# ACTIVITY
Here is the task for the listing below: output exactly the lines from the one containing "Chilling Drone Breach" through the one containing "Ondo Finance, 250’yi", and leave out the pictures.

# RECORDS PROVIDED
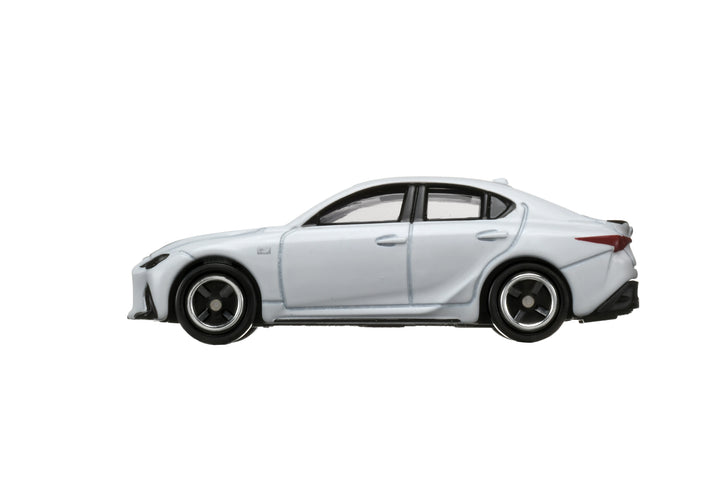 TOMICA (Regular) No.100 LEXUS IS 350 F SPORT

...

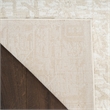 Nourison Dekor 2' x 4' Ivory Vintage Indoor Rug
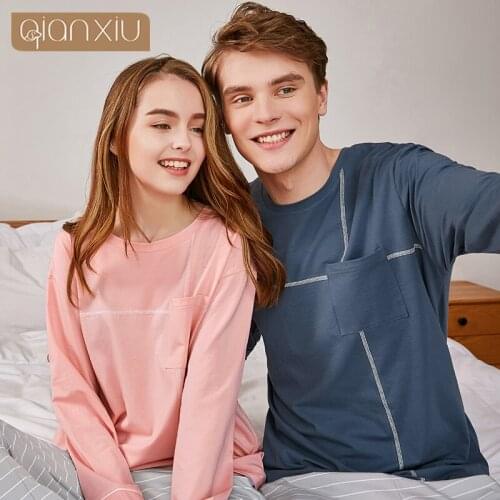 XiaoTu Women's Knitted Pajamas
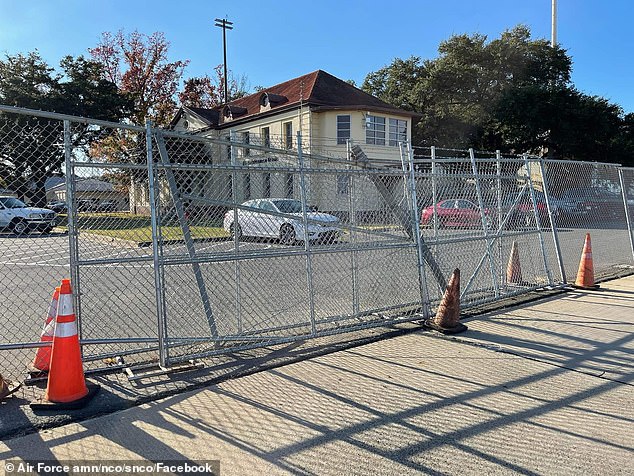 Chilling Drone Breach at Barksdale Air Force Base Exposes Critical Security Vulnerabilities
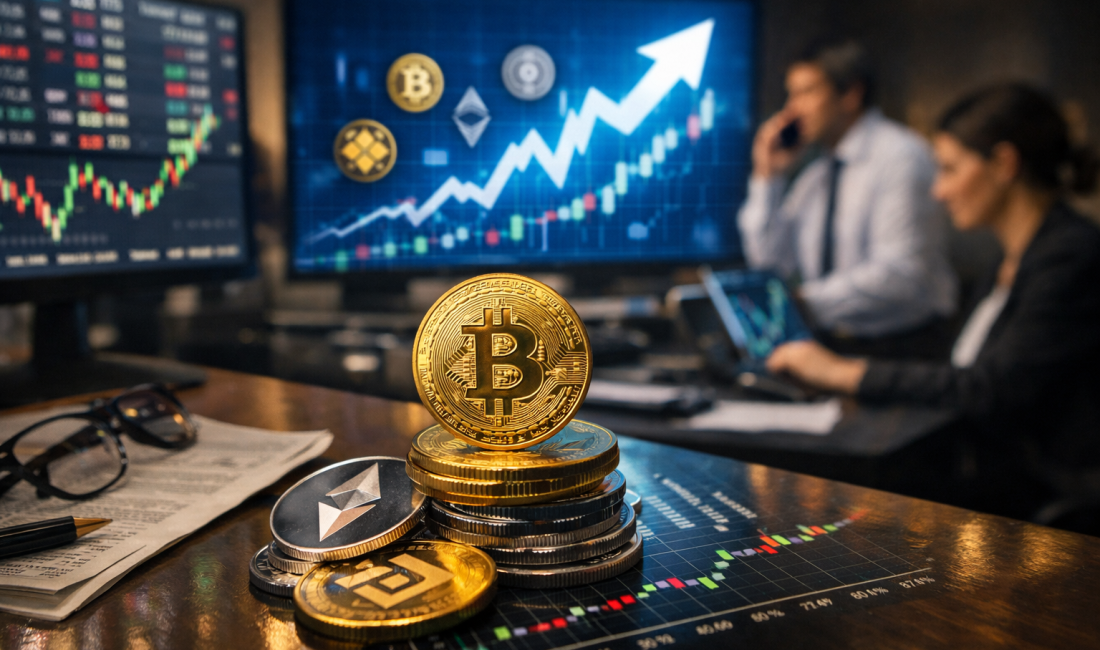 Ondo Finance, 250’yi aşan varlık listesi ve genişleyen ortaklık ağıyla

...

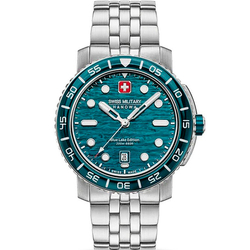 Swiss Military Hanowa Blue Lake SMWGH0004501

# RESULT
 Chilling Drone Breach at Barksdale Air Force Base Exposes Critical Security Vulnerabilities
 Ondo Finance, 250’yi aşan varlık listesi ve genişleyen ortaklık ağıyla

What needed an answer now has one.